Wellekens Karolien, Koshy Priyanka, Naesens Maarten
Department of Microbiology, Immunology and Transplantation, KU Leuven.
Department of Nephrology and Kidney Transplantation.
Curr Opin Nephrol Hypertens. 2025 May 1;34(3):185-190. doi: 10.1097/MNH.0000000000001064. Epub 2025 Jan 20.
This review explores the variability in preimplantation kidney biopsy processing methods, emphasizing their impact on histological interpretation and allocation decisions driven by biopsy findings. With the increasing use of artificial intelligence (AI) in digital pathology, it is timely to evaluate whether these advancements can overcome current challenges and improve organ allocation amidst a growing organ shortage.
Significant inconsistencies exist in biopsy methodologies, including core versus wedge sampling, frozen versus paraffin-embedded processing, and variability in pathologist expertise. These differences complicate study comparisons and limit the reproducibility of histological assessments. Emerging AI-driven tools and digital pathology show potential for standardizing assessments, enhancing reproducibility, and reducing dependence on expert pathologists. However, few studies have validated their clinical utility or demonstrated their predictive performance for long-term outcomes.
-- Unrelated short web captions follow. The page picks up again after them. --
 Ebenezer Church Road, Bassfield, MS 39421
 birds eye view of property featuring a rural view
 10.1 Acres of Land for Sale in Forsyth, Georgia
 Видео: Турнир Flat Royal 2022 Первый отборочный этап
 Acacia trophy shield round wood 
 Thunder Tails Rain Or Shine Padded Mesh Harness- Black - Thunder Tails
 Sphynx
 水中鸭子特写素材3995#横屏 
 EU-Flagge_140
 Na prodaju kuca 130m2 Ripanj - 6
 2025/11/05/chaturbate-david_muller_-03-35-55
Novel AI-driven tools hold promise for improving the standardization and accuracy of preimplantation kidney biopsy assessments. However, their clinical application remains limited due to a lack of proven associations with posttransplant outcomes and insufficient evaluation of predictive performance metrics. Future research should prioritize longitudinal studies using large-scale datasets, rigorous validation, and comprehensive assessments of predictive performance for both short- and long-term outcomes to fully establish their clinical utility.
本综述探讨了植入前肾脏活检处理方法的变异性,强调了它们对组织学解释以及活检结果驱动的分配决策的影响。随着人工智能(AI)在数字病理学中的应用日益增加,现在正是评估这些进展能否克服当前挑战并在器官短缺日益严重的情况下改善器官分配的时候。
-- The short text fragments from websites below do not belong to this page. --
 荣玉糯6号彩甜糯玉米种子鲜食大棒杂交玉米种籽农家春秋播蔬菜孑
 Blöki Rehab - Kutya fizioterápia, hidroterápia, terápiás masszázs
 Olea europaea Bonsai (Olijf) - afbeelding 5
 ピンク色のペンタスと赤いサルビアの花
活检方法存在显著不一致性,包括芯针活检与楔形活检、冷冻与石蜡包埋处理,以及病理学家专业知识的差异。这些差异使研究比较变得复杂,并限制了组织学评估的可重复性。新兴的人工智能驱动工具和数字病理学显示出标准化评估、提高可重复性以及减少对专家病理学家依赖的潜力。然而,很少有研究验证它们的临床效用或证明它们对长期结果的预测性能。
新型人工智能驱动工具有望提高植入前肾脏活检评估的标准化和准确性。然而,由于缺乏与移植后结果的已证实关联以及对预测性能指标的评估不足,它们的临床应用仍然有限。未来的研究应优先进行使用大规模数据集的纵向研究、严格验证以及对短期和长期结果的预测性能进行全面评估,以充分确立它们的临床效用。